Dustforce is a simple 2D game that has you traverse through levels choosing one of four janitors, each with their own slight tweaks like higher jumps, faster sweeps…etc., with intent to clean up the world. How they do so is by cleaning up levels from dust and dirt, freeing their friends who seem to have been abducted by dust and making life so much better to live in. I’m used to simple ideas and love finding hidden nuances that more times than not reveal details and a better understanding of what’s going on. Journey is a game about a creature setting off on a pilgrimage, yet hidden beneath that shade is a wondrous world to be discovered and experienced. Dustforce is about janitors who clean. Highly inspiring.

But games like Dustforce are not meant to be enjoyed for their offering, rather for their challenge, and that is the only element that I will offer to its credit. Very few games successfully frustrated me as fast as this one: 3 minutes, maybe less. If you are not a fan of twitch mechanics and precision maneuvering, you are going to quickly find yourself short of $10. This game is all about perfection and forces you to complete every level immaculately. In fact, Dustforce has an easy method to establish if you are the right candidate for this game: Fail the first level and you may as well shut down the game because things are only going to get harder.

Each level you select to go through will have dust strewn all around it in a seemingly random order. Your task is to build up a high combo multiplier by constantly sweeping dust and attacking dust creatures in a continuous cycle. Granted, if pulled off perfectly, your progress will mimic a dance and it will be a joy to behold, but that’s a big IF. Lest you’re accustomed to such games, you will fumble, miss your cues and drop your multiplier back down to x1 which ultimately is the game’s way of saying: Restart the level.

Dustforce

With so many advancements in video games, and so many new experiences being engineered on a constant basis, it’s a wonder how games like Dustforce still find an audience. I am far from being the proverbial gamer and am very specific about what I enjoy while maintaining as much objectivity as is possible, but to launch a game whose sole purpose is to stress me out and force me down a path of perfection is an outrage.
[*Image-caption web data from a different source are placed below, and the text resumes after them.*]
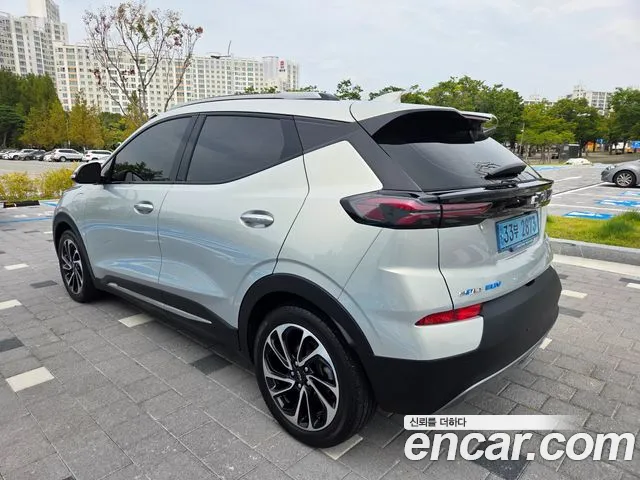 Chevrolet Bolt EUV — Фото автомобиля 6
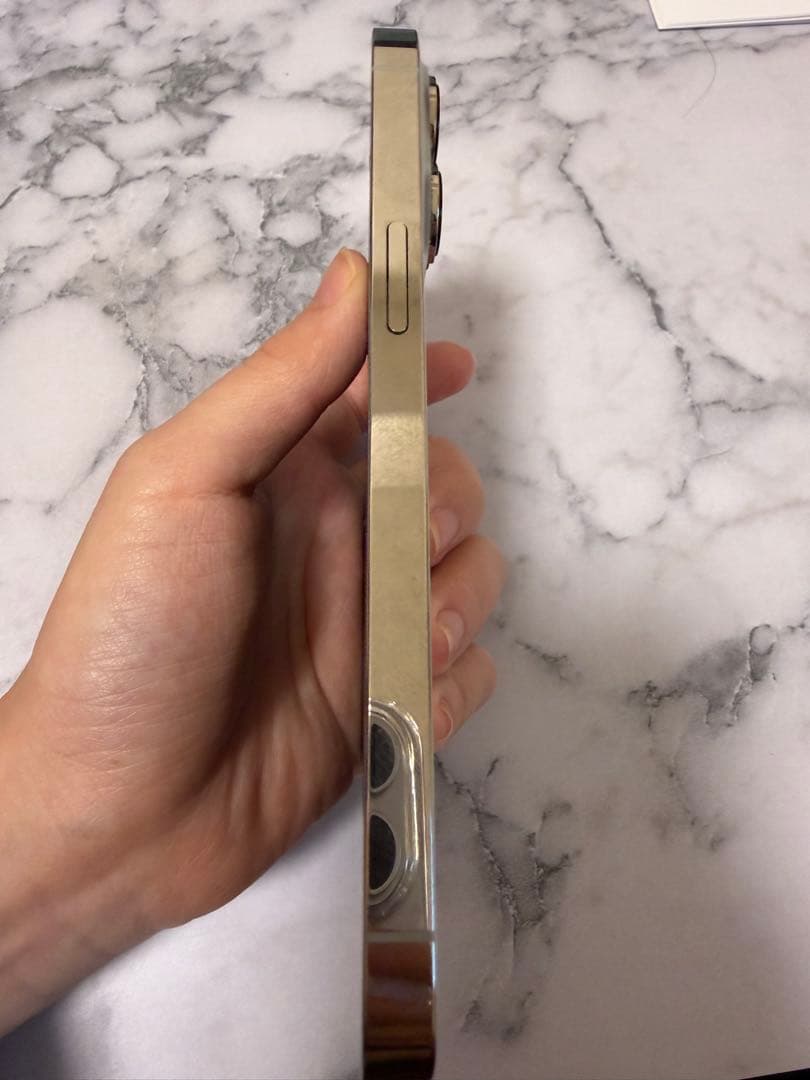 iPhone 13 Pro 128GB ホワイト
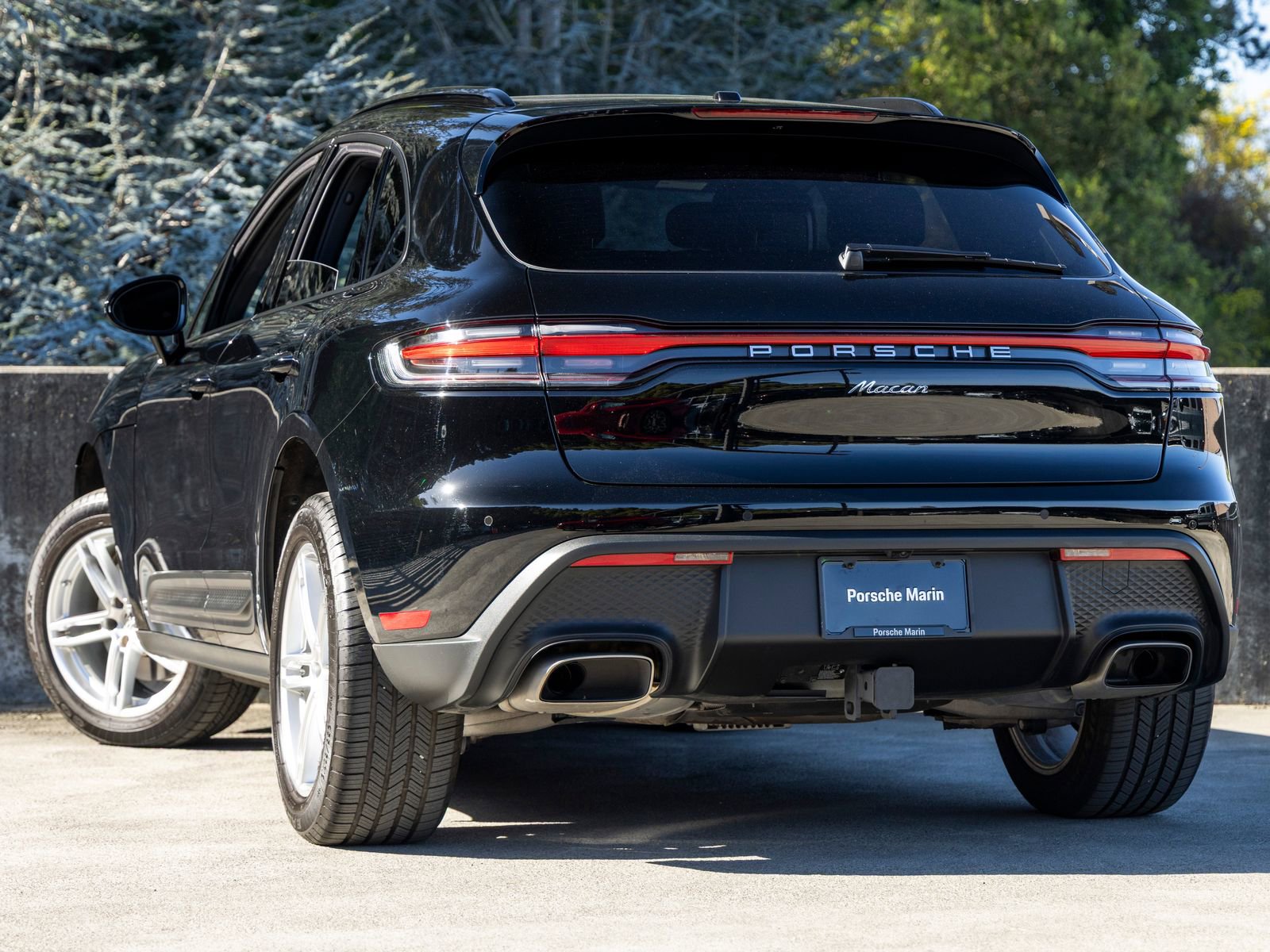 Certified 2025 Porsche Macan AWD/4WD image 3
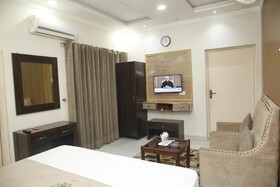 Park View Hotel Gulberg Lahore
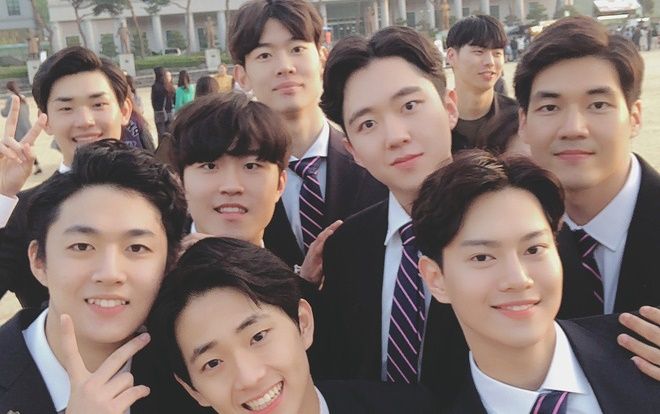 Hồ sơ hội bạn thân mỹ nam trường đại học Hàn Quốc đang khiến dân tình chao đảo đây rồi!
Are there players who love these games? Undoubtedly. I will always struggle to understand the need to play games such as Dustforce, even on a multiplayer front, and I will probably never recommend it. However, I am willing to admit that if this is your kind of game, you will find a lot on offer under its hood, from a ridiculous challenge, to great music and animations.

 

Dustforce was released on Steam in 2012, and we were given a PSN copy for review purposes.